TRAUERFEIERN
„Time to Say Goodbye“
Emotionen, Erinnerungen und Abschied – die Hits auf der Trauerfeier
Ziehen Sie das bitte nicht ins Lächerliche“, sagt Nils Seemann, Geschäftsführer des Bestattungsinstituts Seemann & Söhne in Blankenese. „Es sind die Wünsche von Verstorbenen, die müssen wir respektieren.“
Versprochen!
Worum es geht? Um James Last und Johann Sebastian Bach, Xavier Naidoo, Freddy Quinn und letztlich um die Frage: Was tun Menschen, wenn es nicht mehr darauf ankommt, wenn Konsequenzen des eigenen Handelns nicht mehr zu erwarten sind, wenn das Lästern der Nächsten keine Rolle mehr spielt? Sie tun das, was sie wirklich wollen. Sie sind ehrlich. Wer mit dem eigenen Tod konfrontiert wird und Gelegenheit erhält, die Musik für die Trauerfeier selbst auszusuchen, der muss sich nicht allzusehr mit dem Geschmack und den Erwartungen seiner Mitmenschen belasten.

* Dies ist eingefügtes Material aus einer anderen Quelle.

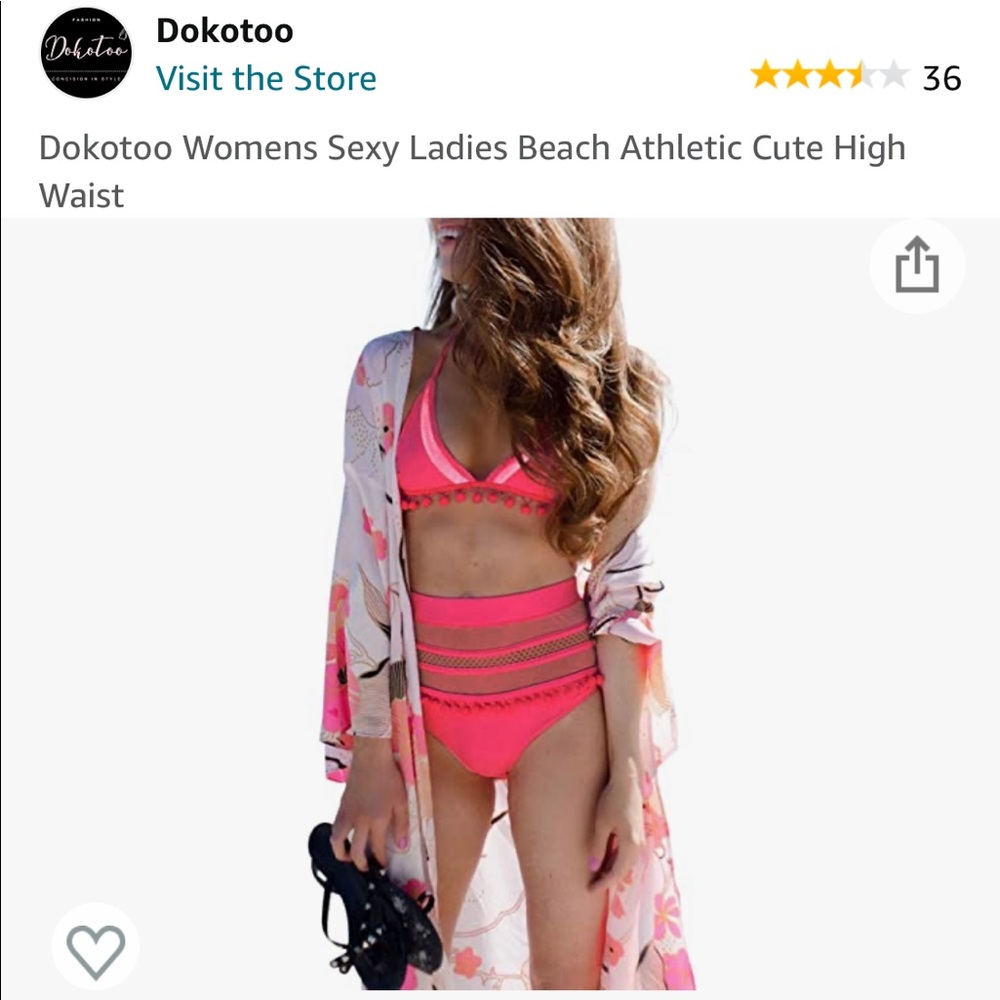 Cute pink high waisted bathing suit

Aus heutiger Sicht mag das engstirnig erscheinen. Für unsere Großeltern bot ein klassisch-feierlicher Musikkanon jedoch nicht weniger als einen festen Halt. Gerade die Älteren, die sich gezwungen sahen, immer mehr und mehr Trauerfeiern beizuwohnen, hatten die Melodien im Ohr. Stücke aus dem evangelischen Gesangsbuch erinnerten an Gottesdienste und schlossen so einen großen Kreis um Taufe, Konfirmation, unzählige Sonntage und schließlich den Tod. Darüberhinaus bot der musikalische Kanon Sicherheit vor geschmacklichen Entgleisungen und stümperhaften musikalischen Darbietungen. Stücke wie das „Ave Maria“ oder „So nimm denn meine Hände“ schufen letztlich eine tiefe Gemeinsamkeit. Jeder konnte sie mitsingen oder summen, jeder konnte sich einen Moment lang an den gewohnten Harmonien festhalten.
So erklingt Hardrock von AC/DC durchaus auch auf Wunsch Verstorbener. Weit oben hier der Titel „Hells Bells“, aber Trauergäste berichten auch von „Highway to hell“. Angesichts einer sich immer weiter diversifizierenden Musikszene ist eines jedoch überraschend: Die Individualität im Trauerfall kennt Grenzen. Aktueller Chart-Terror fehlt völlig. Sterbende und Angehörige, so die Beobachtung, erkennen musikalische Eintagsfliegen und meiden sie. Es wäre übertrieben von einem neuen Kanon der Trauermusik zu sprechen, tatsächlich aber hat sich ein Repertoire herausgebildet. Es vereint Titel, die bewiesen haben, dass sie mindestens so haltbar sind wie ein Eichensarg. Musik aus dem Film „Doktor Schiwago“ gehört ebenso dazu wie Evergreens von Elvis Presley. Moderne Opernsänger wie Andrea Bocelli schmettern „Time to Say Goodbye“ oder „Memory“ aus dem Musical „Cats“. Die Beatles konkurrieren mit Frank Sinatras „My Way“ und mit Kinderliedern, die nicht nur bei den Gästen für ein bezaubertes Lächeln sorgen. „Das finde ich auch immer schön“, erzählt Bestatter Michael Schütt aus dem Hause Seemann. „Der Mond ist aufgegangen!“
Auch wenn Angehörige eine buchstäbliche Totenstille anregen, interveniert Seemann.
Musiker und auch Produzenten müssen bei den Stücken für Trauerfeiern einige Besonderheiten beachten.
„Die wichtigste ist die Reduktion des Stückes auf die Hauptmelodie. Gewünscht werden pro Stück vier bis fünf Minuten Spieldauer, sechs werden gerade noch toleriert. Bei acht Minuten entsteht das Gefühl, ein Konzert zu besuchen, also Teil einer äußerst unpassenden Szenerie zu sein.
Dementsprechend sind im Handel CDs erhältlich mit Ausschnitten aus einschlägigen Stücken. Musiker benötigen häufig gekürzte Partituren, werden bei Trauerfeiern aber generell immer seltener gebucht. Ein Umstand, den Bestatter wie Nils Seemann bedauern, der aber angesichts des verblichenen Kanons nicht zu ändern ist.
Ein stadtbekannter Pessimist etwa, der nach einem eher widerwilligen Abgang trällern lässt „I’ve Got the World on a String!“ (sinngemäß: Ich habe alles im Griff), der wird seinen eigenen Ruf posthum noch um 180 Grad drehen können.